Les chantiers des écluses, des ponts et les terrassements XXL se déploient sur tout le tracé (Oise, Somme, Pas-de-Calais et Nord) en vue d’une mise en service à l’horizon 2032. Si, sur le terrain, les travaux avancent à grands pas et que le projet est désormais jugé irréversible, sans banque nationale, son financement reste incertain.

La nature du projet

Le canal Seine-Nord Europe est une voie d’eau d’une largeur moyenne de 54 mètres qui doit être creusée sur 107 kilomètres entre Compiègne, dans l’Oise, et Aubencheul-au-Bac, dans le Nord, afin de permettre à des péniches de gros gabarit (jusqu’à 185 mètres de long et 11 mètres de large) de transiter entre le Bassin parisien et les ports du nord.

Parmi les objectifs affichés :

  • réduire le bilan carbone du transport, les plus grandes péniches pouvant transporter en une fois « jusqu’à l’équivalent de 220 camions », selon le maître d’œuvre, la Société pour le canal Seine-Nord Europe (SCSNE) ;
  • accroître l’attractivité et donc l’activité industrielle et logistique des régions desservies : nouvelles implantations dans les terres et nouveaux débouchés pour les ports maritimes.

Pour ce faire, il s’agit de creuser un canal (ou d’élargir l’existant), de le remplir d’eau (ou d’en maintenir le niveau), mais aussi de construire 7 écluses, parmi les plus grandes d’Europe, 10 quais, 62 ponts routiers et ferroviaires, et parfois même de faire passer le canal lui-même par-dessus les routes et forêts via trois « ponts-canaux » sur lesquels circuleront les péniches (dont l’un mesurant 1,3 kilomètre de long au-dessus de la Somme), et de compenser les nouvelles emprises par plus de 1100 hectares de plantations et aménagements environnementaux.

Autre défi majeur à relever, l’alimentation en eau du canal tout le long de l’année.
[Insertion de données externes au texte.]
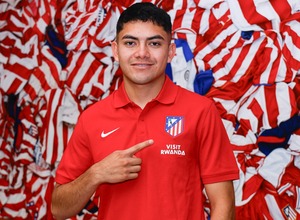 Temp. 25-26 | Nájera | Fichaje Atlético Madrileño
Imaginez : au milieu d’une digue de 42 mètres de haut, un trou d’une superficie équivalente à 88 terrains de football, rempli d’un volume d’eau équivalent à 4650 piscines olympiques. Une « retenue d’eau » de 14 millions de m3 est en construction à Allaines, dans la Somme. À titre de comparaison, on a 0,6 à Sainte-Soline et 2,3 dans le Puy-de-Dôme. Cette retenue sera remplie par le canal lui-même, par un jeu de vases communicants : elle permet de constituer une réserve l’hiver, pour venir renforcer le canal l’été, quand le débit de l’Oise faiblira. 90 % du temps, c’est par le pompage de cette rivière que le canal sera rempli et maintenu à flot. Aucune nappe phréatique ne devrait donc être sollicitée.

Du côté écologiste, c’est la panique totale. Un canal sans eau et sans emprise au sol leur ferait sans doute plaisir. Comme le disait un élu de la région : ils veulent manger des frites mais refusent la culture de la pomme de terre. Sans véritable argument contre ce projet ambitieux, certains écologistes dévoyés, de concert avec l’extrême droite et l’extrême gauche, se retrouvent dans l’obsession comptable cher à la Cour des comptes.

Le rapport de la Cour des comptes

La Cour des comptes y constate ce qu’elle appelle « une dérive de coûts et de délais », la mise en service n’étant désormais envisagée qu’à l’horizon 2032 et le coût à terminaison étant estimé à 7,3 Md€ HT, au lieu des 4,5 Md€ envisagés à la création de la SCSNE, porteuse du projet, en 2017.

La convention de financement du 22 novembre 2019 prévoyait trois sources de financement pour réunir le total estimé à environ 4,7 milliards d’euros à l’époque, devenus 5,1 milliards en 2025 :

  1. environ 1,1 milliard par l’État ;
  2. environ 1,1 milliard par les collectivités qui gagneraient le plus des retombées économiques de l’investissement (Régions Hauts-de-France et Ile-de-France, Départements du Nord, Oise, Pas-de-Calais et Somme) ;
  3. environ 2,2 milliards par l’UE ;
  4. un emprunt de bouclage, remboursable par une taxe nationale à assiette locale.

Inflation nous voilà

Or, dans un rapport publié fin 2024, le Conseil économique, social et environnemental des Hauts-de-France (Ceser) estimait que « le coût définitif du projet pourrait s’établir entre 7 et 8 milliards d’euros », en raison notamment de l’inflation. Ah bon ? Pourtant nos gouvernements, pour éviter qu’on lui réclame des hausses de salaires, ne cessent de nous répéter qu’elle est infime.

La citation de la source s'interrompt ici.